▶ [Work required]:
Though the records contain pictures, copy none of them; repeat exactly the lines from the one with "Access and format: credential" to the end.

*** Opening Data records ***

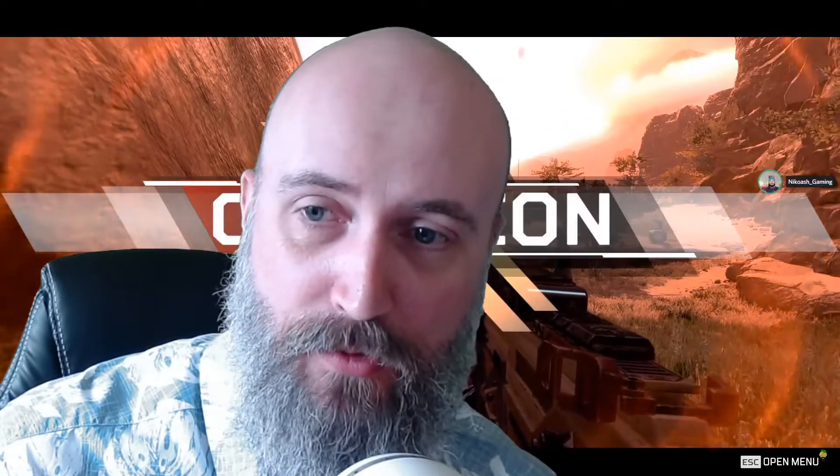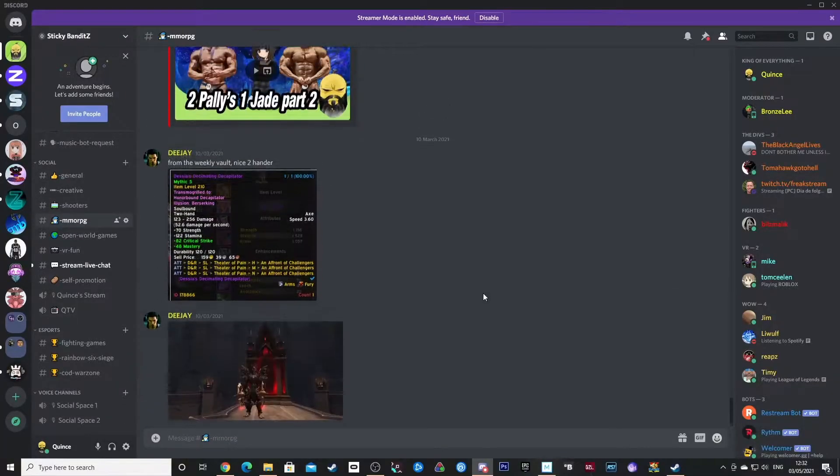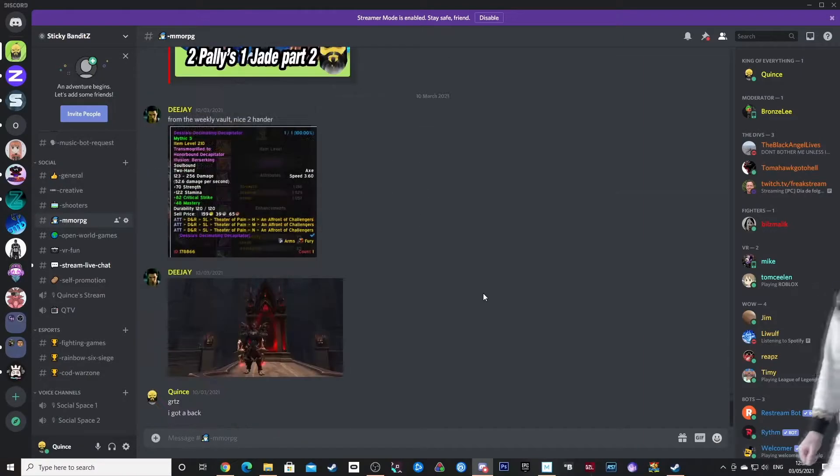Pro fisherman and international Twitch superstar Mr. Quince here, and I'm here to tell you about the Discord group, the Sticky Bandits.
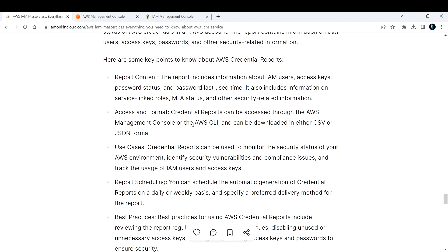Access and format: credential reports can be accessed through the AWS Management Console or CLI, and can be downloaded in either CSV or JSON format.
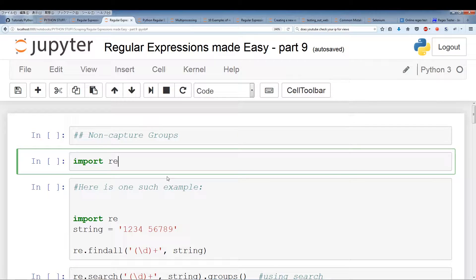Welcome to regular expressions made easy, part 9. In this video we're going to talk about non-capture groups as well as back referencing. These might sound like difficult concepts but they're actually not that bad, so let's just get started.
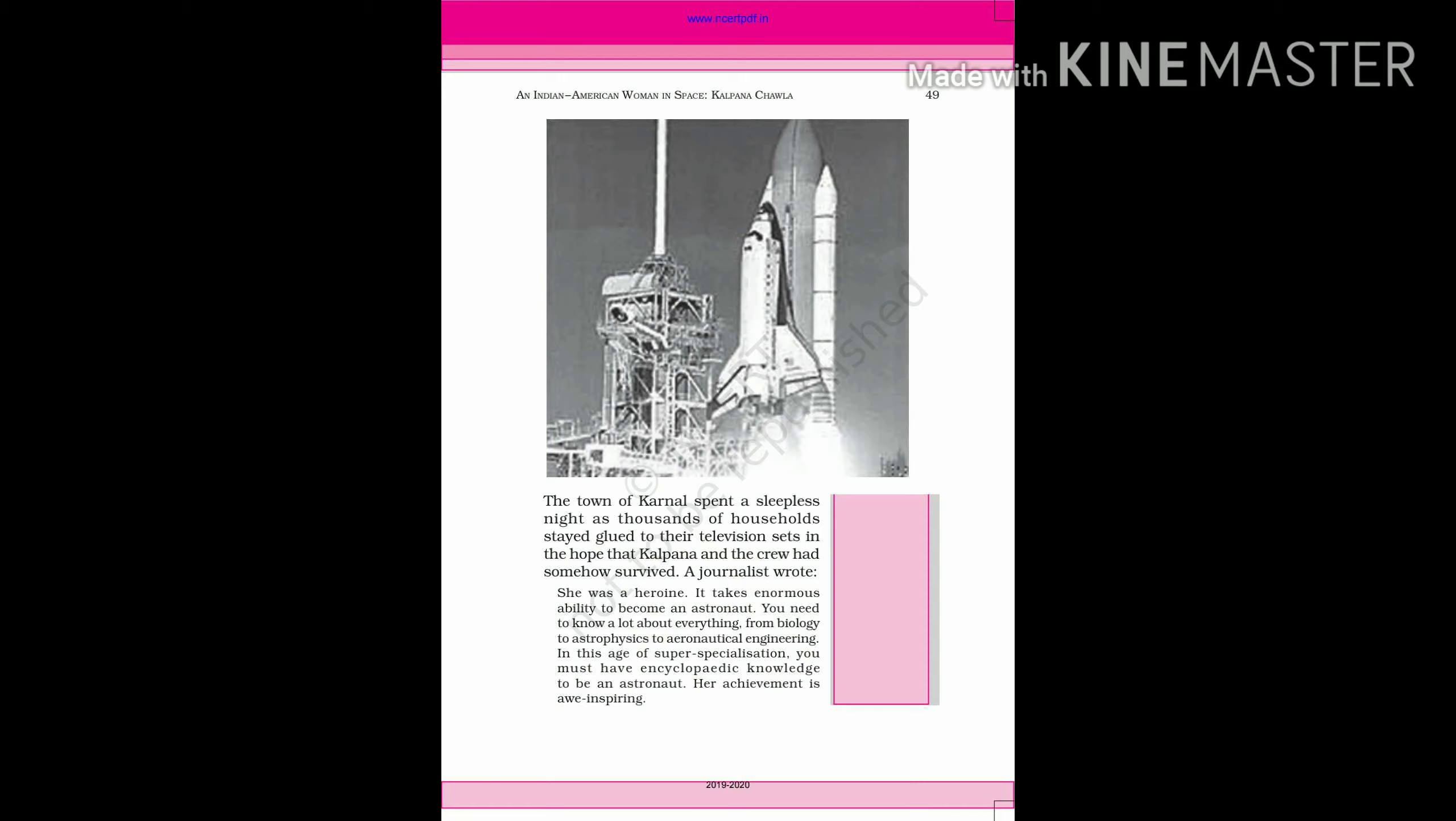A journalist wrote: She was a heroine. It takes enormous ability to become an astronaut. You need to know a lot about everything, from biology to astrophysics to aeronautical engineering. In this age of super-specialization, you must have encyclopedic knowledge to be an astronaut. Her achievement is truly inspiring.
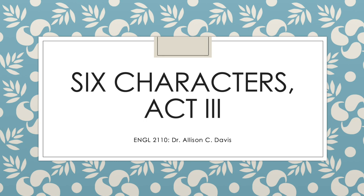Hello and welcome to the lecture on Six Characters in Search of an Author, Act 3.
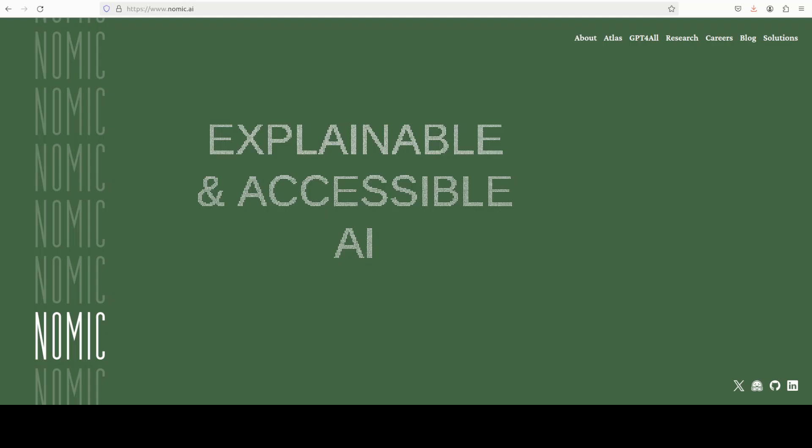Hello everyone, this is Fahad Mirza and I welcome you to the channel. I am very excited to share with you this new embedding model from NOMIC which is multilingual.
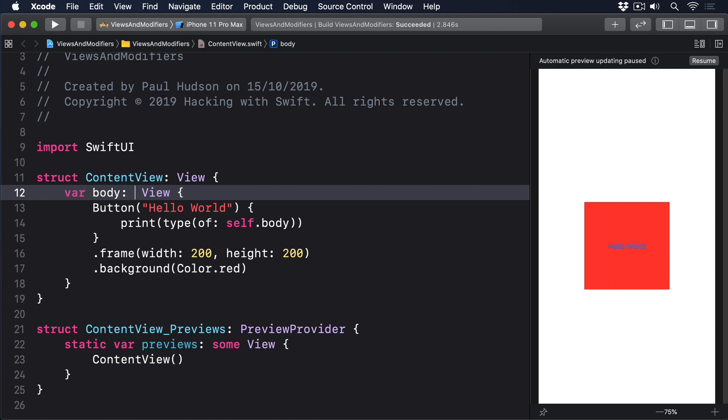Now let's return to our code from earlier. If you want to return one of those from our body property, what should we write? While you could try to figure out the exact combination of modified content generics, it's hideously painful and the simple truth is that we don't care. It's all internal SwiftUI stuff.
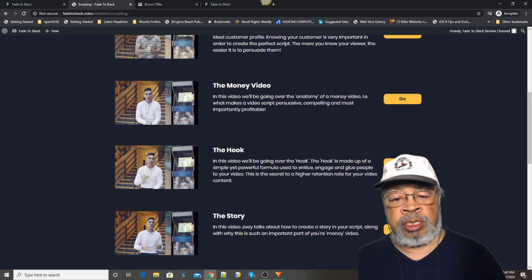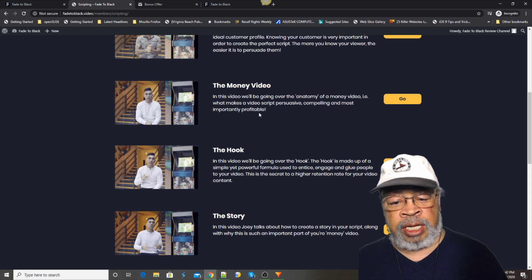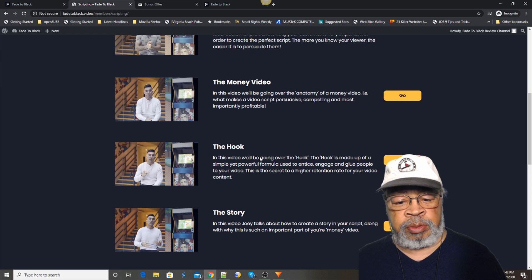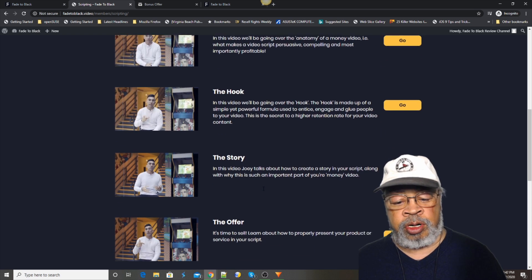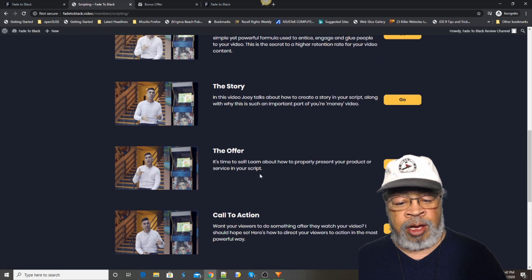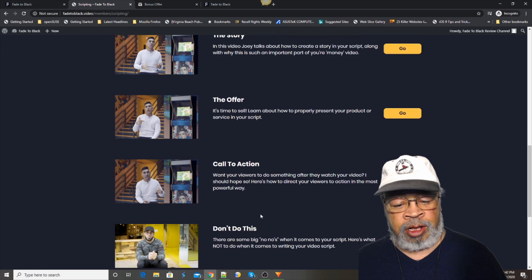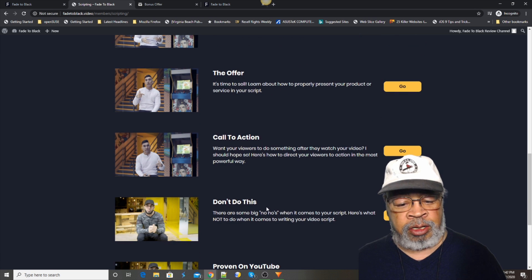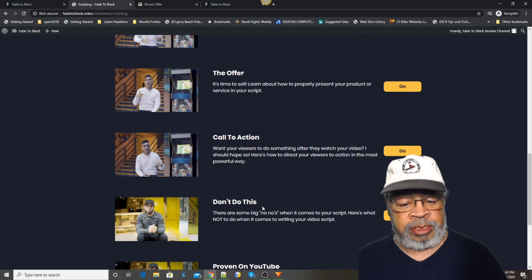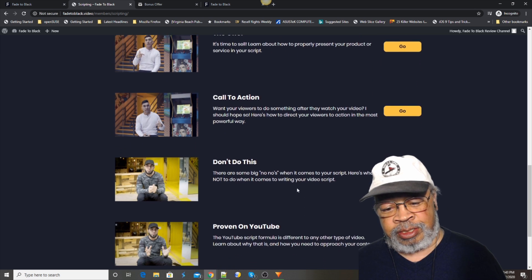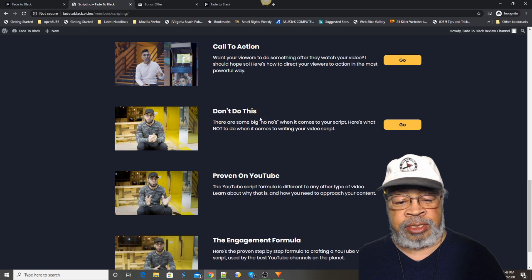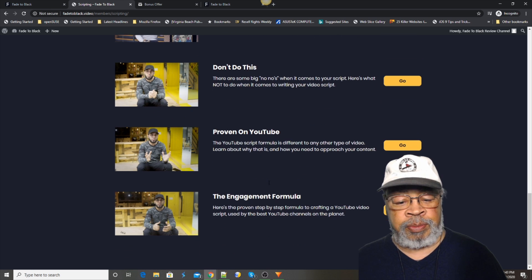How to lay it out. The plan. The hook. The story. The offer. The call to action. Don't do this. Everybody needs to know those.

*** Closing Data records ***

▶ [Response to the task]:
Access and format: credential reports can be accessed through the AWS Management Console or CLI, and can be downloaded in either CSV or JSON format.
Welcome to regular expressions made easy, part 9. In this video we're going to talk about non-capture groups as well as back referencing. These might sound like difficult concepts but they're actually not that bad, so let's just get started.
A journalist wrote: She was a heroine. It takes enormous ability to become an astronaut. You need to know a lot about everything, from biology to astrophysics to aeronautical engineering. In this age of super-specialization, you must have encyclopedic knowledge to be an astronaut. Her achievement is truly inspiring.
Hello and welcome to the lecture on Six Characters in Search of an Author, Act 3.
Hello everyone, this is Fahad Mirza and I welcome you to the channel. I am very excited to share with you this new embedding model from NOMIC which is multilingual.
Now let's return to our code from earlier. If you want to return one of those from our body property, what should we write? While you could try to figure out the exact combination of modified content generics, it's hideously painful and the simple truth is that we don't care. It's all internal SwiftUI stuff.
How to lay it out. The plan. The hook. The story. The offer. The call to action. Don't do this. Everybody needs to know those.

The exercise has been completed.